In 2015 I worked with the BBC Today programme on an investigation into a recruitment agency called the Anderson Group that looked as if it was running an abusive tax scheme involving the use of thousands of separate companies to avoid liabilities that would otherwise be owing.
Today the Guardian reports:
An aggressive tax avoidance scheme, linked to one of the recruitment industry's highest-profile names, is being liquidated in a move that could prevent HM Revenue and Customs from recouping millions of pounds.
The scheme, which experts say raises questions over triggering a possible criminal investigation, has been promoted by Anderson Group, one of the sector's leading financial services firms. It has been used by recruitment agencies supplying low-paid workers to businesses including Marks & Spencer and Dixons Carphone.

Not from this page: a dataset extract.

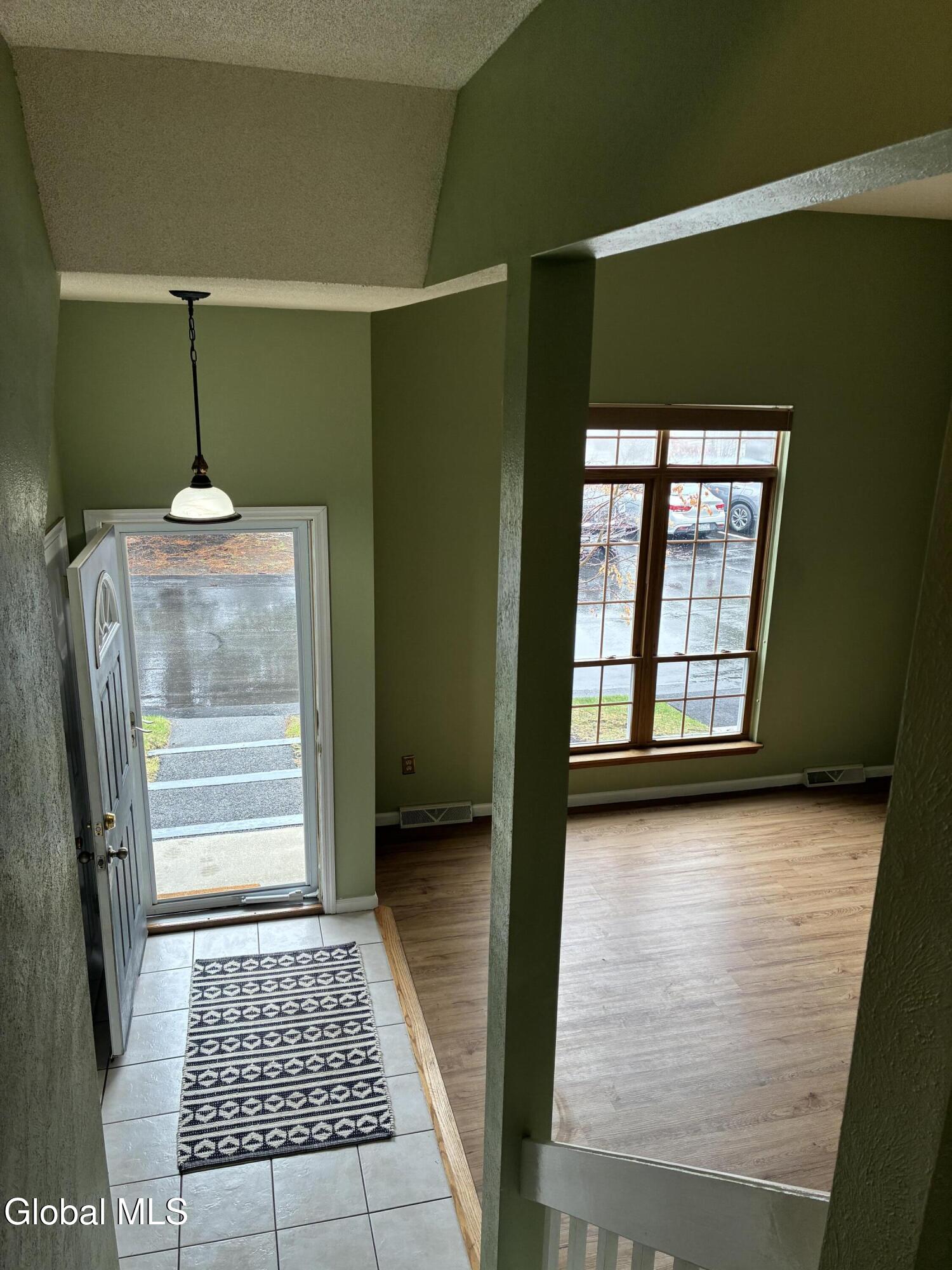 25 Stratton Circle Troy, NY 12182 - Photo 3 of 36 IMG_8295(2)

The arrangements - which work by setting up thousands of tiny firms to exploit VAT and national insurance rules that were originally designed to help very small businesses — have netted vast windfalls for those involved.
The Guardian has seen evidence showing that the closure of parts of the scheme followed Anderson being asked by HMRC's fraud and investigation service for details about the large numbers of VAT registration applications made on behalf of Anderson clients last year.
Documents show that almost 2,000 of the Anderson scheme's mini companies are now being simultaneously liquidated.
Tax experts say the moves make it extremely difficult to pursue the defunct firms for any potential VAT or national insurance debt — particularly as each mini company appears to only have a Philippines-based director and barely any retained assets.
They add:
In 2015, following a BBC investigation into Anderson, HMRC issued a notice advising anybody using schemes designed to exploit the employment allowance to withdraw from doing so to “avoid the costs of litigation and minimise any interest and penalties due on underpaid national insurance”.
My questions are threefold.
First, why has it taken HMRC so long to act?
Second, why can't we change the law so that tax abuse cannot be protected by limited liability and the perpetrators can be held personally responsible?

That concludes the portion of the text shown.